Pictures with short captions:
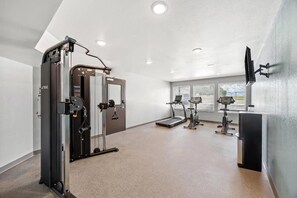 A gym with a weight machine, treadmill, and exercise bike.
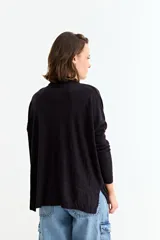 Cardigan negro de manga larga, con cuello camisero, botones frontales y un bolsillo en el pecho.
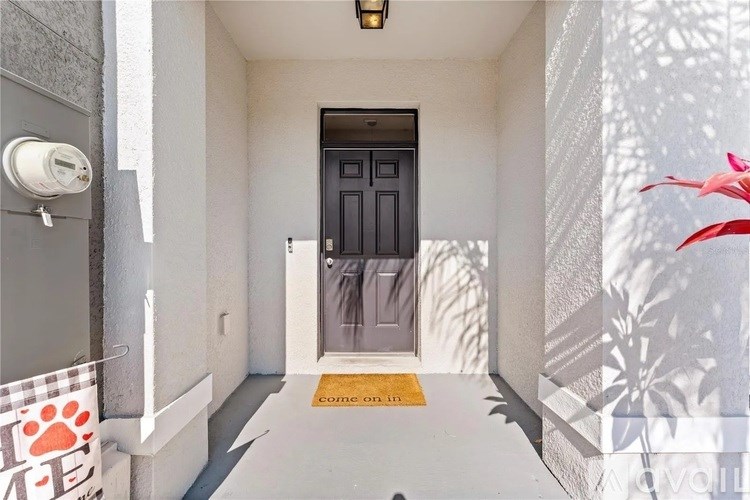 A black door is at the end of a white hallway.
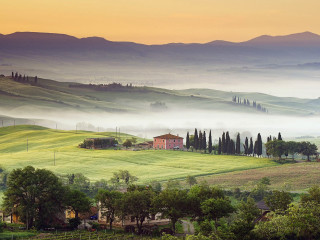 Green field house foggy sky - a house in the distance free wallpaper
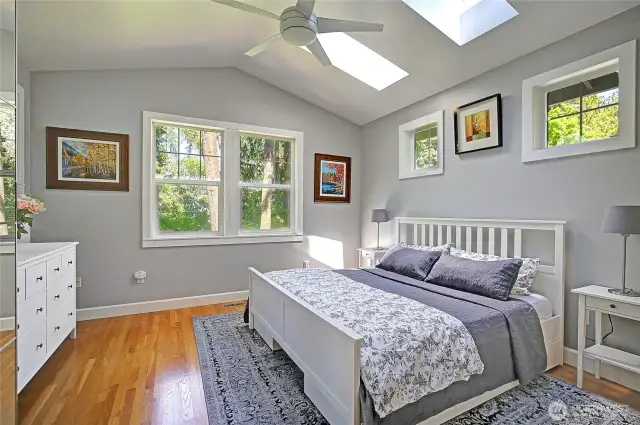 Enjoy the vaulted ceilings and open space in the primary bedroom.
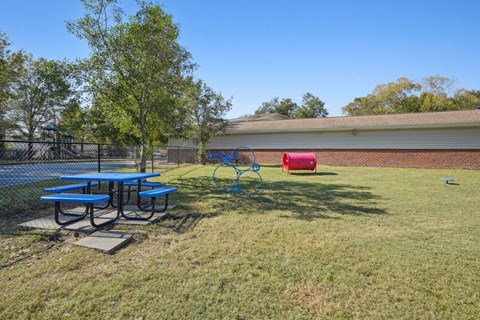 A playground with a blue swing set and a red slide.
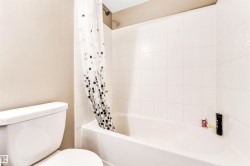 White tiled shower surround with a built-in tub and showerhead -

§ Your assignment:
From the first line of the entries down to the line with "Enjoy the vaulted", print each line exactly; omit any picture.

§ Expected answer:
 A gym with a weight machine, treadmill, and exercise bike.
 Cardigan negro de manga larga, con cuello camisero, botones frontales y un bolsillo en el pecho.
 A black door is at the end of a white hallway.
 Green field house foggy sky - a house in the distance free wallpaper
 Enjoy the vaulted ceilings and open space in the primary bedroom.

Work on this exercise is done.